Les sourds-muets autodidactes ont une compréhension incomplète de la valeur numérique. Par exemple, lorsqu'ils manipulent de la monnaie, ils sont capables de dire que 20 est plus grand que 10 ou que 9 billets de 10 font moins qu’un billet de 100. Cependant cet apprentissage serait basé sur les couleurs et les formes des billets et non sur les chiffres. Ainsi, sur les chiffres abstraits, c'est-à-dire sans compensation, les problèmes sont manifestes et apparaissent des difficultés au-delà du trois. Par exemple, les sujets ne savent pas donner un nombre exact de jetons correspondant au nombre de fois où l’expérimentateur touche le dos de leur main, tout en conservant les effets de proportion (trois jetons pour quatre coups, quatre jetons pour six coups, etc.).
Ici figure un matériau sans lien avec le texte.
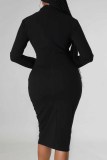 Vestidos de falda lápiz con cuello en V y letras con estampado elegante negro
Cette étude rejoins les résultats obtenus par l'équipe de Peter Gordon de l'Université de Columbia qui avait observé que les Pirahã (une peuplade d'Amazonie), qui n’ont pas de mots au-delà de 2 si ce n’est pour dire "beaucoup". Ces indiens ont du mal à manier des quantités supérieures à 3 et l'étude avait conclu que le langage conditionne les capacités cognitives en arithmétique (voir le film). Une équipe mixte de l'Inserm et du CNRS (CR) avaient fait passer des tests aux Mundurucus (Amazoniens) qui ont des mots jusqu’à cinq. Aux tests d’approximation, ces indiens obtiennent des résultats comparables à des Français mais peuvent pas faire de calcul avec une valeur au-delà de cinq. Même en deçà de 5, les nombres sont utilisées de façon floue, un peu comme le terme "douzaine". Le mot 5 qui signifie également "main", est utilisé lorsqu'il y a entre 4 et 10 objets. Les indiens ne peuvent pas exécuter des opérations arithmétiques exactes avec des quantités ou des résultats supérieurs à 5 (impossible de calculer 4-3 ou 6-6), mais disposent d'une capacité d'approximation comparable à celles des occidentaux qui leur sert de base à un calcul bien réel.
Ces résultats montrent que s'il existe une capacité arithmétique (approximation, quantification globale, etc.) indépendante du langage, celui-ci est nécessaire dans la numération et donc dans l'opérationnalisation ultérieure des chiffres.